Notes to Unaudited Condensed Consolidated Financial Statements

 

1. Organization and Business

 

Midstates Petroleum Company, Inc. (“Midstates”), through its wholly owned subsidiary Midstates Petroleum Company LLC (“Midstates Sub”), engages in the business of exploring, drilling for, and the production of, oil, natural gas liquids (“NGLs”) and natural gas.  Midstates was incorporated pursuant to the laws of the State of Delaware on October 25, 2011 in connection with its initial public offering to become a holding company for Midstates Sub, which was previously a wholly owned subsidiary of Midstates Petroleum Holdings LLC (“Holdings LLC”).  The terms “Company,” “we,” “us,” “our,” and similar terms when used in the present tense, prospectively or for historical periods since April 25, 2012, refer to Midstates and Midstates Sub, unless the context indicates otherwise.

 

The Company conducts oil and gas operations and owns and operates oil and natural gas properties in Oklahoma, Texas and Louisiana.  The Company operates a significant portion of its oil and natural gas properties.  The Company’s management evaluates performance based on one reportable segment as all of its operations are located in the United States and, therefore, it maintains one cost center.

 

2. Chapter 11 Proceedings

 

Voluntary Reorganization Under Chapter 11

 

On April 30, 2016 (the “Petition Date”), Midstates and Midstates Sub (collectively, the “Debtors”), filed voluntary petitions (the “Bankruptcy Petitions”) for reorganization under Title 11 of Chapter 11 of the United States Code (the “Bankruptcy Code”) in the United States Bankruptcy Court for the Southern District of Texas (the “Bankruptcy Court”).  The Debtors’ Chapter 11 cases (the “Chapter 11 Cases”) were jointly administered under the case styled In re Midstates Petroleum Company, Inc., et al, No. 16-32237.  The Bankruptcy Court confirmed the First Amended Joint Chapter 11 Plan of Reorganization of Midstates Petroleum Company, Inc., and its Debtor Affiliate (the “Plan”) on September 28, 2016 and the Debtors subsequently emerged from bankruptcy on October 21, 2016 (the “Effective Date”).  Although the Company is no longer a debtor-in-possession, the Company was a debtor-in-possession for the quarter ended September 30, 2016 and through October 20, 2016, the date immediately prior to the Effective Date.  As such, certain aspects of the Chapter 11 Cases and related matters are described below in order to provide context to the Company’s financial condition and results of operations for the period presented.

 

For the quarter ended September 30, 2016, the Debtors operated their businesses as “debtors-in-possession” under the jurisdiction of the Bankruptcy Court and in accordance with the applicable provisions of the Bankruptcy Code and orders of the Bankruptcy Court.
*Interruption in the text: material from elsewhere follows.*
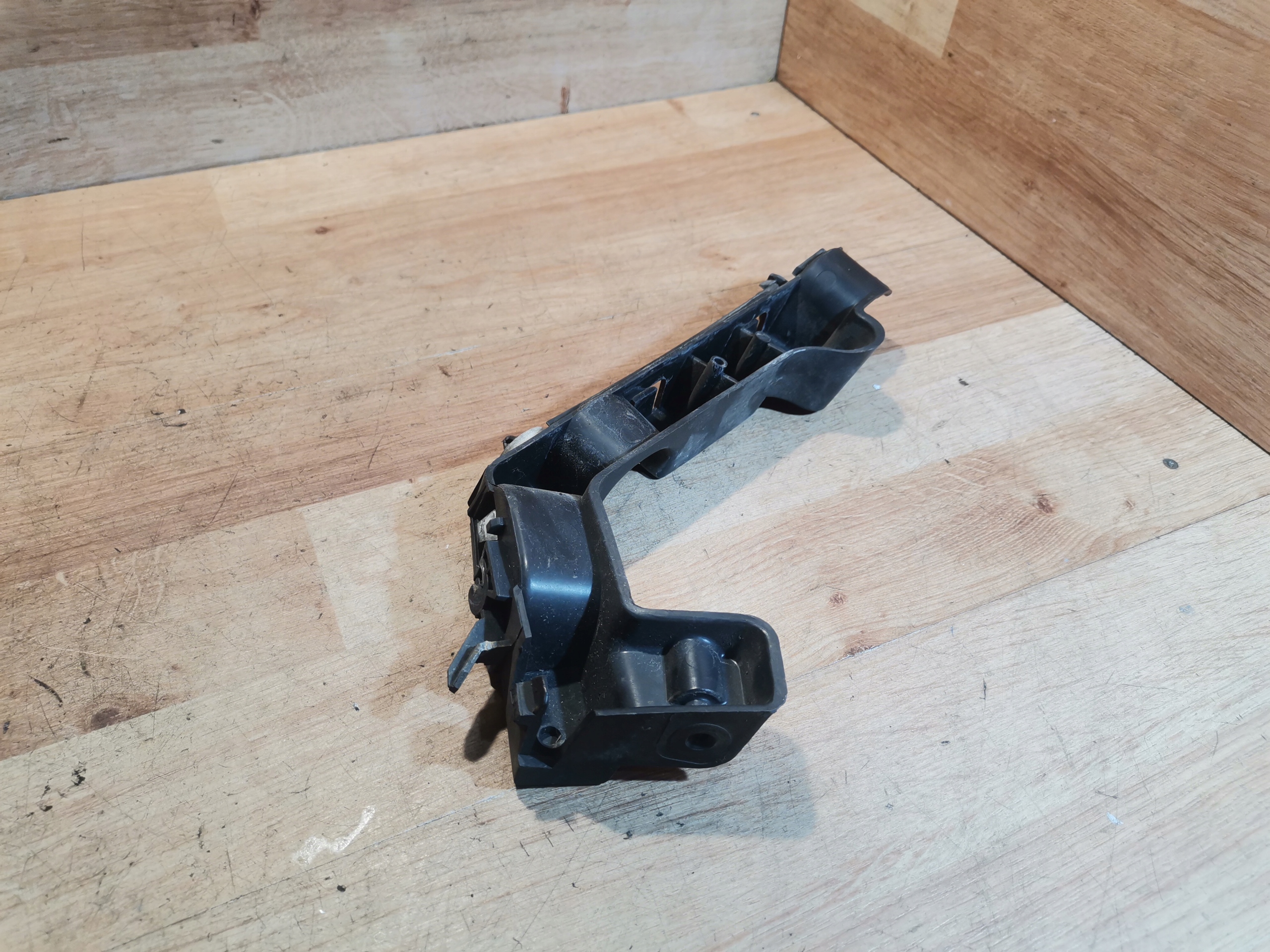 bumper bracket right rear part CITROEN C4 CACTUS 14-17r 9801686280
During the Chapter 11 Cases, the Company conducted normal business activities pursuant to certain “first day” motions filed in the Chapter 11 Cases and approved by the Bankruptcy Court to, among other things and subject to the terms of the orders entered by the Bankruptcy Court, pay employee wages, health benefits and certain other employee obligations, pay certain lienholders or prospective lienholders and forward funds to third parties, including royalty holders and other working interest owners.  As a result of these motions, the Company was able to pay all associated obligations for the period following the Petition Date.  Additionally, the Company was authorized to pay and has paid pre-petition tax obligations, pre-petition employee wages and benefits, pre-petition amounts owed to certain lienholders or prospective lienholders and funds belonging to third parties.  During the pendency of the Chapter 11 Cases, all transactions outside the ordinary course of business require the prior approval of the Bankruptcy Court.  The Company has accounted for the bankruptcy in accordance with Financial Accounting Standards Board (“FASB”) Accounting Standards Codification (“ASC”) 852, Reorganizations.

 

The Debtors’ Plan was supported by the vast majority of its pre-petition secured creditors and was confirmed by the Bankruptcy Court on September 28, 2016.  Pursuant to the confirmed Plan, the significant transactions that occurred upon the Effective Date were as follows:

 

·                  Substantial Deleveraging of the Balance Sheet:  The permanent pay-down of $81.3 million of the Company’s Credit Facility, with a $170.0 million exit facility (the “Exit Facility”) established upon the Effective Date, (ii) the pay-down of $60.0 million of the Company’s Second Lien Notes in cash, and (iii) the conversion into equity of all of the Company’s remaining debt junior to the Credit Facility.

 

·                  Credit Facility Claims: Holders of allowed claims arising under the Credit Facility (the “Credit Facility Claims”) received their pro rata share of approximately $81.3 million in cash and the Credit Facility was superseded, pursuant to the Plan, by the Exit Facility, as further described below.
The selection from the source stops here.